Also important to note is that several energy intensive materials required for steel making are excluded from the energy equivalents. Stubbles [22] points out that such excluded items include electrodes, ferroalloys, refractories, and imported direct reduced iron. Also excluded from the energy cost of steel is the mining cost of coal for coke and limestone for lime. According the U.S. Department of Energy [25], coal produced in the eastern United States is estimated to have an energy cost between 0.31 and 0.003 GJ per ton. Lime is used in the steel industry to remove impurities during the steel making process and comes from the thermal decomposition of calcium carbonate, i.e., limestone. The process of mining and making lime is similar to that for cement, which has been estimated to have an energy cost of 5.3 GJ per ton [23]. Coke and lime requirements per ton of steel are 50 and 120 pounds, respectively [22]. Coke and lime combined adds only 0.3 GJ of energy cost to each ton of steel, which has a small effect on the final net energy requirements for natural gas well construction.

We could not find direct energy costs associated with the manufacturing of petroleum specific casing and tubing from steel in any published literature. However, the energy costs for forming and finishing, which includes manufactured pipe is estimated to be 7.2 gigajoules per ton [22,23]. This energy cost for petroleum specific tubing is likely to be more than basic structural tubing because of stringent requirements as outlined by the American Petroleum Institute.

The energy costs for producing crushed and broken limestone and other rocks are derived from a 2004 report to the U.S. Department of Energy on energy use in the mining industry [25]. The estimated energy costs of mining and processing limestone minus calcining (lime production) is 0.026 GJ per ton. Cement manufacturing is energy intensive at 5.59 gigajoles per ton because of the heat needed to decompose calcium carbonate to lime [25,26]. Sand used as a proppant requires a specific grain size and grade that must be mined, crushed, sieved, and transported in a similar manner as limestone. Since we could find no studies on the energy requirements for sand production we use the same energy cost values as used for the mining of limestone.

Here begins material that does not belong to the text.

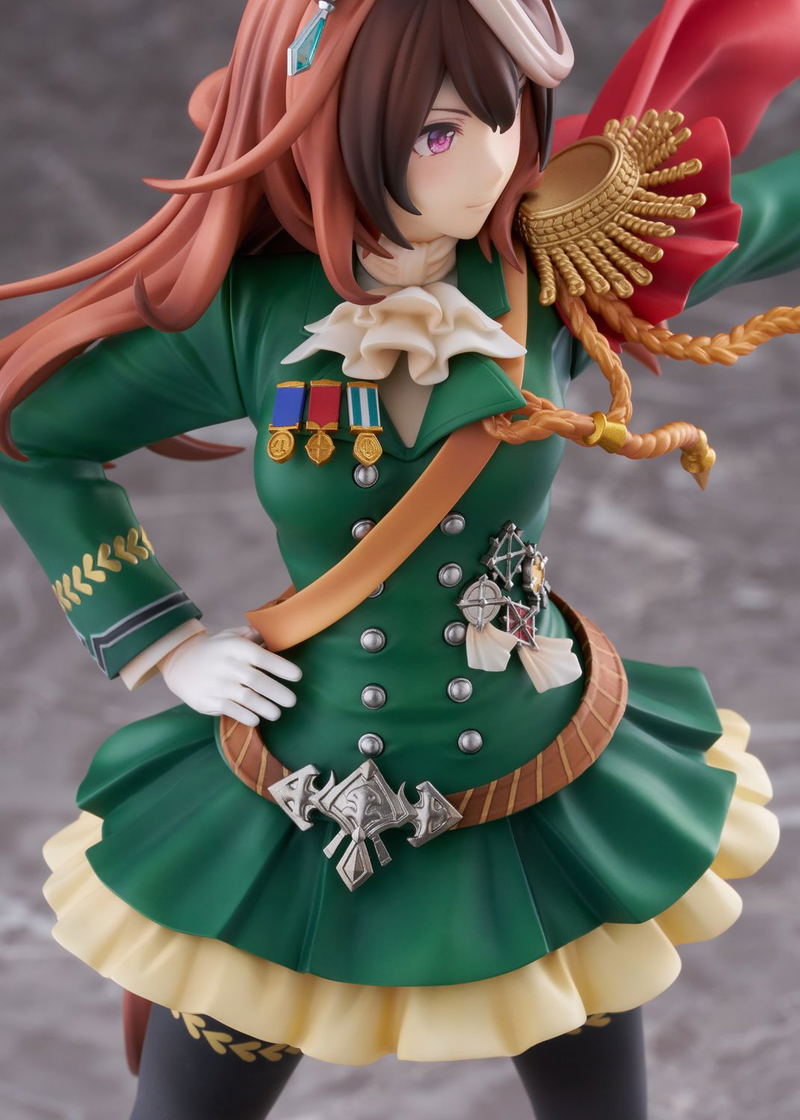 Uma Musume Pretty Derby 1/7 Scale Pre-Painted Figure: Symboli Rudolf Best Clothes Ver. image 11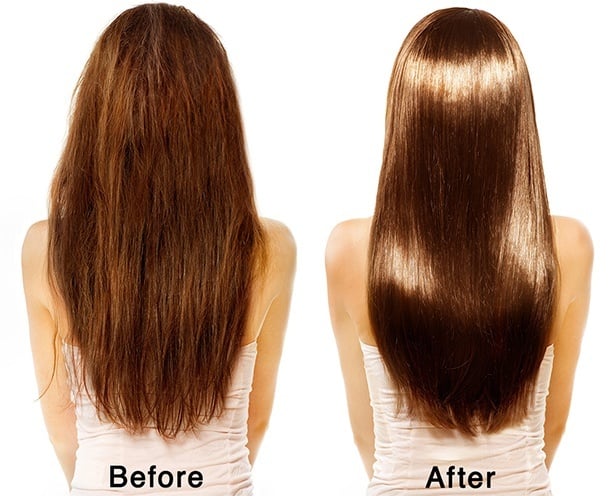 benefits of argan oil shampoo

The energy equivalent of natural gas is 1.08 GJ/Mcf [27]. Production for each well is measured at the wellhead. Most natural gases require processing to remove other liquid fuels and impurities, which results in a reduction of volume of the extracted natural gas. The U.S. Energy Information Administration estimates this volume reduction (shrinkage) to be approximately 4%, which we use to correct the energy produced at the wellhead since natural gas (methane) is what is being examined in this study. The diesel fuel energy equivalent is derived from the same report as the natural gas equivalents [27].

3. Results

Individual well production data from Indiana County are for the years 1984 through 2003 while material data are for the years between 1964 and 2005. On the basis of all available production data from 2486 wells (Figure 6), average production per well increased during the 1980s and then generally decreased or remained flat until the present. Average total production per well is 184 MMcf between the years 1985 and 2003. A log curve fitted to the average of all production data gives R2 value equal to 0.97 (Figure 7). Average first year production data shows a decrease in production after 1988 (Figure 8). On the basis of subtle trends shown in Figure 6 and Figure 8 we grouped the wells to show multi-year trends that show decreasing average production (Figure 9). Wells were randomly selected using a spreadsheet random number function (Figure 2). On the basis of 101 wells, materials used in the well construction show no clear trends over time, but the time it takes to drill a well generally decreased between the 1960s and 1980s and remained flat until the present (Figure 10). Average natural gas production (Figure 7) and the average of materials consumed (Figure 10) were converted to their energy equivalents (Table 1). The average EROI for a gas well in the BVE tight gas play in Indiana County, Pennsylvania over this time period is 86.96 (Figure 11). Year to year production changes do not show a correlation with year-to-year changes in available data (see data appendix). EROI fluctuates with respect to well production and shows a general decline from the 1980s when the EROI was as high as 120:1 to 2003 when EROI was equal to 67:1 (Figure 12).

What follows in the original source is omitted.